So my son came to pick me up to go to the vets at 12,20 i locked the front door he had millie on a lead ,i gott in the car he scooped her up onto my knee and i noticed she was chomping black charcoal ,i thought she had had a st6one and my son said i was being paranoid The vet said Millie was out of tyhe 72 hour danger zone and continued with our care plan But then i started to cry and yold her the stone story and said i didnt want to appear paranoid ,she said il xray her and she camr back and said there was a stone in her stomach again ,i nearly collapsed ,So shes had another op this afternoon on her stomach ,her chances were slim but thank god shes made it through the op ,we have to take the next 24 hours again step by step .
I feel so bad i cannot believe it , its absoloutly draining, poor Millie .
xxxxlynda
.


----------



## Cat 53 (Aug 26, 2012)

Oh no! Poor you and Millie, you must be so stressed. I know it's harsh but for her own sake maybe you need to muzzle her when she goes out. At least for a while to stop her eating anymore stones.
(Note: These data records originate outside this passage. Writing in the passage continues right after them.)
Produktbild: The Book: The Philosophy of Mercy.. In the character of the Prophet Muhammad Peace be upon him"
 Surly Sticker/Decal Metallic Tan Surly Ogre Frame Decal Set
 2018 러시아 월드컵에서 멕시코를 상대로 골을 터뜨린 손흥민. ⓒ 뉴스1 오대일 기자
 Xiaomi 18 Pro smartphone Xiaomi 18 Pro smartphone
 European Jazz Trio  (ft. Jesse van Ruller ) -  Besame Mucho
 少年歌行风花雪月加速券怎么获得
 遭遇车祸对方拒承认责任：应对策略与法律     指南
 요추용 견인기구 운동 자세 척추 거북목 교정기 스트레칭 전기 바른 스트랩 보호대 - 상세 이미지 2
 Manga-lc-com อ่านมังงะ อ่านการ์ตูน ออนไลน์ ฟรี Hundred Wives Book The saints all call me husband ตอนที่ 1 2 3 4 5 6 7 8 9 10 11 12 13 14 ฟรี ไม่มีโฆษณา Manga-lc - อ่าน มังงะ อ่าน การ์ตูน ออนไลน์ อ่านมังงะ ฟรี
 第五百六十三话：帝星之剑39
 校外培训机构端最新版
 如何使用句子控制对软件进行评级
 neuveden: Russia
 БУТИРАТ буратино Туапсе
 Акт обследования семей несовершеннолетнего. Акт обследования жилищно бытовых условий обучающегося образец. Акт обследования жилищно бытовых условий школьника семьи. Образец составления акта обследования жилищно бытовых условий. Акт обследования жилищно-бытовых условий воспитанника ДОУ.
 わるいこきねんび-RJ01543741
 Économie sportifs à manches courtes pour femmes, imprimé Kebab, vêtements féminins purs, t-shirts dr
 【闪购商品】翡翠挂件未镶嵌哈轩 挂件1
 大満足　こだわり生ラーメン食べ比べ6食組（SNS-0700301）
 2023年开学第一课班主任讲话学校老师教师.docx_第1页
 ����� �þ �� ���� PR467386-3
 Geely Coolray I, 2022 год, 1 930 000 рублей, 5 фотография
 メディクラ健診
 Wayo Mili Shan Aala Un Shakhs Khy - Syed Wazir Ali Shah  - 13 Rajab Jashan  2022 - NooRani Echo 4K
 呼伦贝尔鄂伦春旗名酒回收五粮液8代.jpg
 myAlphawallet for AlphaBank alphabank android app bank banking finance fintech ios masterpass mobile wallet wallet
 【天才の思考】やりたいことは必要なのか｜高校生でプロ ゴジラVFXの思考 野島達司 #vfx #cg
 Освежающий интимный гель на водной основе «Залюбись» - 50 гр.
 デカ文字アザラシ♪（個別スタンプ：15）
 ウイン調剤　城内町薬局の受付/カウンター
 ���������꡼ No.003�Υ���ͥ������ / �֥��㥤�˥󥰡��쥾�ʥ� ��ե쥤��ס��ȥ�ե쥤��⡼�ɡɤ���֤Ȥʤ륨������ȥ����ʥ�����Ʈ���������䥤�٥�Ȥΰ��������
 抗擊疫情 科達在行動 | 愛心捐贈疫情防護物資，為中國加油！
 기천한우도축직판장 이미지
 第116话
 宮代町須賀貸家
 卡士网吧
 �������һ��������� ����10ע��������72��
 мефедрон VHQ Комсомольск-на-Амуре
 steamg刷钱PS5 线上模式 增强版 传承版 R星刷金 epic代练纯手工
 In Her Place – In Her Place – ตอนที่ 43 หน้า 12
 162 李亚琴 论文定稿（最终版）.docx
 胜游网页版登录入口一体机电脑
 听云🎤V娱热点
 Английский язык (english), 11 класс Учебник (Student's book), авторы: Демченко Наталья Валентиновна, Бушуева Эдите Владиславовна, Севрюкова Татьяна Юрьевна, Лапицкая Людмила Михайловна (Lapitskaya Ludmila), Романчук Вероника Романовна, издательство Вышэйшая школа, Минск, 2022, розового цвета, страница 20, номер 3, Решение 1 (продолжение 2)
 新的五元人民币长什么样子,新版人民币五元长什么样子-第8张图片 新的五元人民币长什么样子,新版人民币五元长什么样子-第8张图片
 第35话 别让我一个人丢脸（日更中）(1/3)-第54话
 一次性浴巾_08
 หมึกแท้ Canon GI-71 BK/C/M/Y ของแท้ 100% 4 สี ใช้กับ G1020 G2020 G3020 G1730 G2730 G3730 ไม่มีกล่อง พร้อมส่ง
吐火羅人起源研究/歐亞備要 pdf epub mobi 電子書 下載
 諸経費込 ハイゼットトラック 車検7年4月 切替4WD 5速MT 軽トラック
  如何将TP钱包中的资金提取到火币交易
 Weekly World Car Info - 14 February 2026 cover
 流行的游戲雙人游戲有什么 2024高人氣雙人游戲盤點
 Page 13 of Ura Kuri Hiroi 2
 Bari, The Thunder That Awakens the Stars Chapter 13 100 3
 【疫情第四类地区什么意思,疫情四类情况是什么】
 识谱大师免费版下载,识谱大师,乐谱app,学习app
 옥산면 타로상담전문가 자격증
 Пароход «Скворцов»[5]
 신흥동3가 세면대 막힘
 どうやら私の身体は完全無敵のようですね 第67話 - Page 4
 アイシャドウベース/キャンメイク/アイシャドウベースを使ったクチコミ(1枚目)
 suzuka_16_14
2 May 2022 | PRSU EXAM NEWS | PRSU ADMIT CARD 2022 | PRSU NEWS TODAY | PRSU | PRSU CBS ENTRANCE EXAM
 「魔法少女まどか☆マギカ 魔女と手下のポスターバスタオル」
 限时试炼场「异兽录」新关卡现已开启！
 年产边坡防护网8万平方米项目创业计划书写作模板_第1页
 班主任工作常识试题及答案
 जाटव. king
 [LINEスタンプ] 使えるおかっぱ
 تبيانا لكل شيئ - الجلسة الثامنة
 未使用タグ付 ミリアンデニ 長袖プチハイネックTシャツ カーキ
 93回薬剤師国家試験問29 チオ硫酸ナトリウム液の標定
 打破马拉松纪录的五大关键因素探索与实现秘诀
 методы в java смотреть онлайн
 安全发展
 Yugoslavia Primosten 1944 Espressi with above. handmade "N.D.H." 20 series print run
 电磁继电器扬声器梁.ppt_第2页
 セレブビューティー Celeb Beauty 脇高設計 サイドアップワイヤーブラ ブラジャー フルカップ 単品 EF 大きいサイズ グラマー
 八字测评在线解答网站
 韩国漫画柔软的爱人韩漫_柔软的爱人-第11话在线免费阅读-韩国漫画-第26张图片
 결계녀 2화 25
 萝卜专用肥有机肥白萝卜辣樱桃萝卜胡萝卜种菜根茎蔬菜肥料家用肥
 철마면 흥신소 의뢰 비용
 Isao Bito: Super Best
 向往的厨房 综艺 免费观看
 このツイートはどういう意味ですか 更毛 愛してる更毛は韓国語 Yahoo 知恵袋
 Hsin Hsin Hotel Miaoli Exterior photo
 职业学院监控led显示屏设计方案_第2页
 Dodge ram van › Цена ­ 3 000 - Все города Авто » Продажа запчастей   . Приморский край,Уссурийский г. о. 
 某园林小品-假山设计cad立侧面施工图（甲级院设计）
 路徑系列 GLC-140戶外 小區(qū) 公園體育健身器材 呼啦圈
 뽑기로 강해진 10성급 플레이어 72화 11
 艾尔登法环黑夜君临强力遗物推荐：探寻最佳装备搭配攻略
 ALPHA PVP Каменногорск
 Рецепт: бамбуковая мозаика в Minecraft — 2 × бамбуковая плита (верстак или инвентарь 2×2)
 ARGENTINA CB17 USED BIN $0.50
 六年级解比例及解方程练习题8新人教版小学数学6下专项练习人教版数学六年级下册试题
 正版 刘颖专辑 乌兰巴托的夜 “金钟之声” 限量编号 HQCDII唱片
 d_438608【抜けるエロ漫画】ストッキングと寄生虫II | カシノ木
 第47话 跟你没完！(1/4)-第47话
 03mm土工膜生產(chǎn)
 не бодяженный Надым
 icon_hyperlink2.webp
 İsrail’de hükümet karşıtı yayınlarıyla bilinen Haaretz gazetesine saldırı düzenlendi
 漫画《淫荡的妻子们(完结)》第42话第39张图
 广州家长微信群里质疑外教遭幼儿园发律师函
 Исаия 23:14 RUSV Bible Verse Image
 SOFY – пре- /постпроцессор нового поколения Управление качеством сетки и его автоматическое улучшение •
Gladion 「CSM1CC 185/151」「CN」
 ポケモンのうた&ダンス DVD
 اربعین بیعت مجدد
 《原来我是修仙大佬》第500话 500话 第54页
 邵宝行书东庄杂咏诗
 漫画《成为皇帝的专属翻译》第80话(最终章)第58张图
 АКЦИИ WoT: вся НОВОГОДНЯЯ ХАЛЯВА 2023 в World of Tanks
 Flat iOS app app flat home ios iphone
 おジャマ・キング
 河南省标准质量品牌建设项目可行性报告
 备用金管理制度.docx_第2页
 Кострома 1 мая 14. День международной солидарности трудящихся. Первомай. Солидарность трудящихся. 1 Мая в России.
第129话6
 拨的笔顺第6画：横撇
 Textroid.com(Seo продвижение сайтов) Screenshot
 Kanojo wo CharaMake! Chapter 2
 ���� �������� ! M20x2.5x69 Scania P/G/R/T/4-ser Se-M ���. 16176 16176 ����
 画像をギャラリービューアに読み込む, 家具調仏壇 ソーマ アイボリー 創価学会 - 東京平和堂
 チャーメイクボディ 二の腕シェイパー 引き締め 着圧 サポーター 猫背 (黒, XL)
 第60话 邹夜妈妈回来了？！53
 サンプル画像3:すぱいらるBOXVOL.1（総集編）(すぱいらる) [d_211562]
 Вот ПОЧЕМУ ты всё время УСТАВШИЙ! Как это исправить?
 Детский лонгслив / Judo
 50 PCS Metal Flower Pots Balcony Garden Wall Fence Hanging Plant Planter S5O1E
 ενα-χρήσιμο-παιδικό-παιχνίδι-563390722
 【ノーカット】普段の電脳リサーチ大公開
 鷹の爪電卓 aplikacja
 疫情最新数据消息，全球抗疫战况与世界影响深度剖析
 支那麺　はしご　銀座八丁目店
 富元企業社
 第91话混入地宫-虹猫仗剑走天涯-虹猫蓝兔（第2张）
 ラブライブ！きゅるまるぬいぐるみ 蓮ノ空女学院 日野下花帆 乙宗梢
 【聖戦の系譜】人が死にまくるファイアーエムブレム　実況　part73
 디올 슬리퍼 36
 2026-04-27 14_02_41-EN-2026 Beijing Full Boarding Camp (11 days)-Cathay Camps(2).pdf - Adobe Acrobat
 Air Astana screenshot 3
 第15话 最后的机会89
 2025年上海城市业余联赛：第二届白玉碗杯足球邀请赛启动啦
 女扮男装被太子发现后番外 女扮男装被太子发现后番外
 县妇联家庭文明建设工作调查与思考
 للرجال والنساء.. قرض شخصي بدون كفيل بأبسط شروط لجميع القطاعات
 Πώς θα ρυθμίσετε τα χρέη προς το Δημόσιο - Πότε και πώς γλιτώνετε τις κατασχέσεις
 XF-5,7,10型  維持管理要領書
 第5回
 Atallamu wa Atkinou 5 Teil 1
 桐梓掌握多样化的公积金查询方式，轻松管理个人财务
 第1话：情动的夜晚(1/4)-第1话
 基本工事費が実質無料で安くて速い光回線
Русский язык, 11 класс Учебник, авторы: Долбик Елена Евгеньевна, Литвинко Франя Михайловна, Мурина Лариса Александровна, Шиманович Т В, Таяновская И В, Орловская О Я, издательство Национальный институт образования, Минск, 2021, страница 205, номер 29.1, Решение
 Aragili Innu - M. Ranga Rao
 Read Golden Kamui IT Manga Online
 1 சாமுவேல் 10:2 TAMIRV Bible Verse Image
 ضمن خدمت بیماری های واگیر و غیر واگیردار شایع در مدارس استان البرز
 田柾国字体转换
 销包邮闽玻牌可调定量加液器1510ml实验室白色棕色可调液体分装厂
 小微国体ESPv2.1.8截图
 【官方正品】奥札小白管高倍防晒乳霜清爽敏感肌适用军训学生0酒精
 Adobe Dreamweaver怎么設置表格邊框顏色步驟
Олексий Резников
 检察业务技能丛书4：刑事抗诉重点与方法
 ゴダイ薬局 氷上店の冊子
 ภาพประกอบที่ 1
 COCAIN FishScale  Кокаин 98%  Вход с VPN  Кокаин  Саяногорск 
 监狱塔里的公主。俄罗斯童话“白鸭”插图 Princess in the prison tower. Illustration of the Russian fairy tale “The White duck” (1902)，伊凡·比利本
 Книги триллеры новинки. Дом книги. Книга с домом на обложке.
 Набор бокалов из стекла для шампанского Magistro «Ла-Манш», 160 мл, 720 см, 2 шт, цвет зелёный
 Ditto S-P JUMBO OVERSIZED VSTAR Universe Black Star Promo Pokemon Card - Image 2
I don't see what else you can do, because you cannot watch her all the time. You are not a bad mummy, quite the opposite, you acted so fast, how old is Millie?


----------



## Von (Nov 1, 2012)

So sorry to read your post, poor Millie, and poor you, thinking about you all.


----------



## lilaclynda (Jul 24, 2010)

millie is 6 months ,i know we said we would get a muzzle cannot believe shes just started doing it .I have Ollie too who is 2 1/2 xx


----------



## wellerfeller (Jul 12, 2011)

Oh der, silly Millie  what an awful thing to happen agin! Thank goodness they x rayed again at least that has given her the bet chance. She is a fighter, I am sure she will be home with you again soon.

Perhaps the little madam will be best introduced to a muzzle? Just so you can rest easy when out and about.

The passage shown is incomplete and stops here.